Indeed, one of the truest of truisms maintains that what goes around comes around.
Wait a while, and everything old will become new again.
In October of 2004 I wrote in this space that the key argument in efforts to lure a horse track and slots parlor here comes down to the question of just whose ching is it anyway. I was hoping to outline the fight over the ten million dollars a year the legislation requires the operator to pay the host community, and the effort by Mountaineer Gaming to get the local community to kick half of it back for site improvements.
Fast forward 16 months to just this week, when Summit Township Supervisor Marlin Coon decided to “set the record straight” by writing a commentary that was included in the Township newsletter, opinions that later appeared in the Erie Times-News.
While targeting the newspaper specifically, Coon also chastises the media in general for allowing taxpayers to believe that a private developer would be benefiting from taxpayer dollars.
Therein lies the rub.
Coon doesn’t believe the dollars are public, so he sees no problem in giving a developer his own money back.
“These are dollars over and above all existing taxes,” Coon insists.
That’s true, but only because it’s a new tax, on future slots parlors existing for the first time in Pennsylvania.
Someone will have to widen lanes and install traffic lights for the new venture. Someone will have to provide extra policing and security. Someone will have to be trained in how to handle a fire in a horse barn, and have the equipment necessary if lives have to be saved, both human and equine.

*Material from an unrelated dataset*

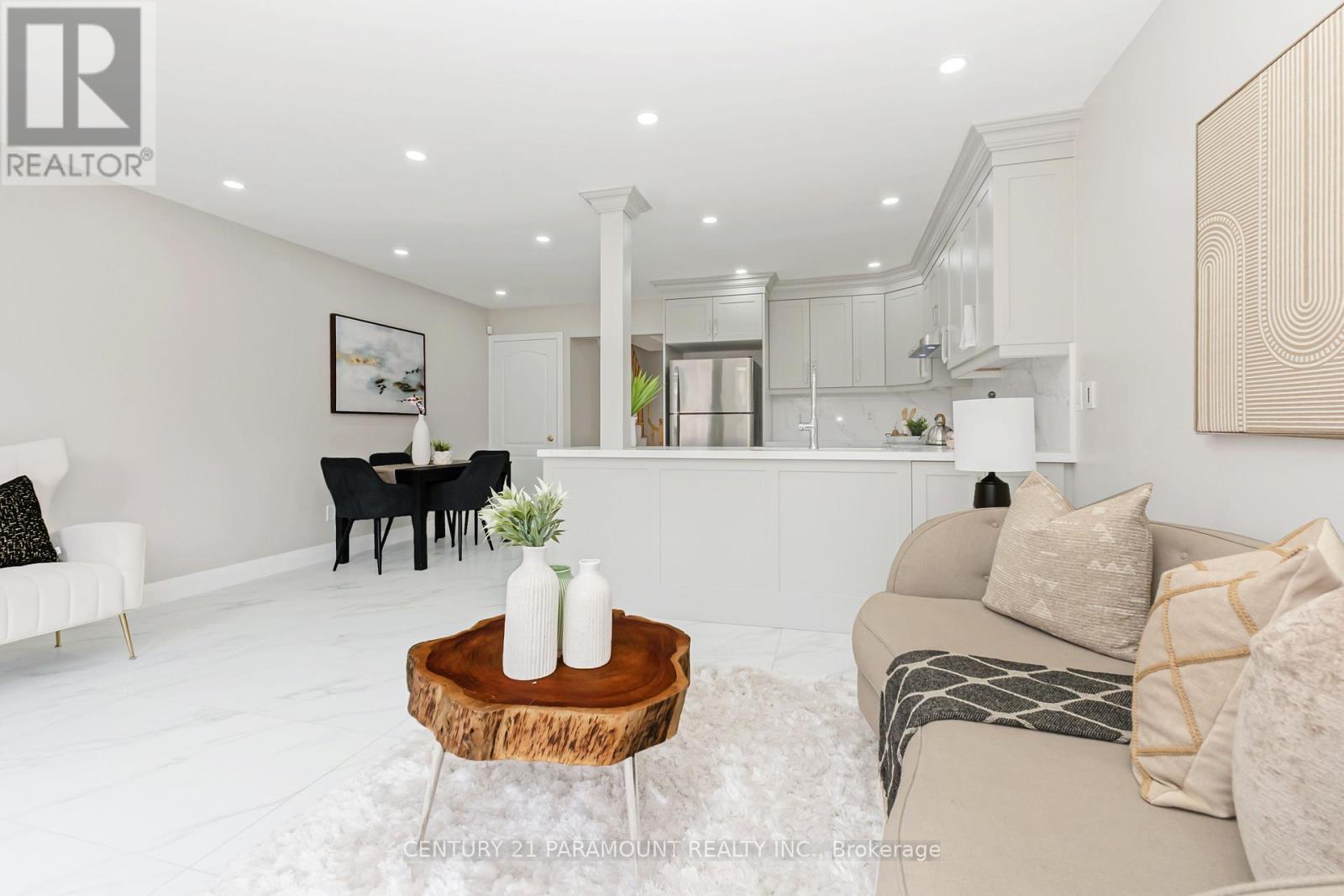 641 Macbeth Heights, Mississauga, Ontario  L5W 1E5 - Photo 21 - W13492962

Slots parlors create expenses for a community as well as revenues. Slots operators are expert at keeping food and drink and gambling dollars in house, and racinos near interstates are rarely economic engines for the communities that host them.
People stop by, spend their money, jump back on the highway and go home.
Lawmakers know that, and purposely set aside revenues so that smaller communities would not have to bear of brunt of the public cost of slots.
So, sorry, Mr. Coon, but those are tax dollars, and if half of them go to the developer for site improvements, then there are that many fewer dollars left for the inevitable cost of supporting gaming.
What goes around comes around, and the argument over the ching that fueled the debate over five years ago rages still.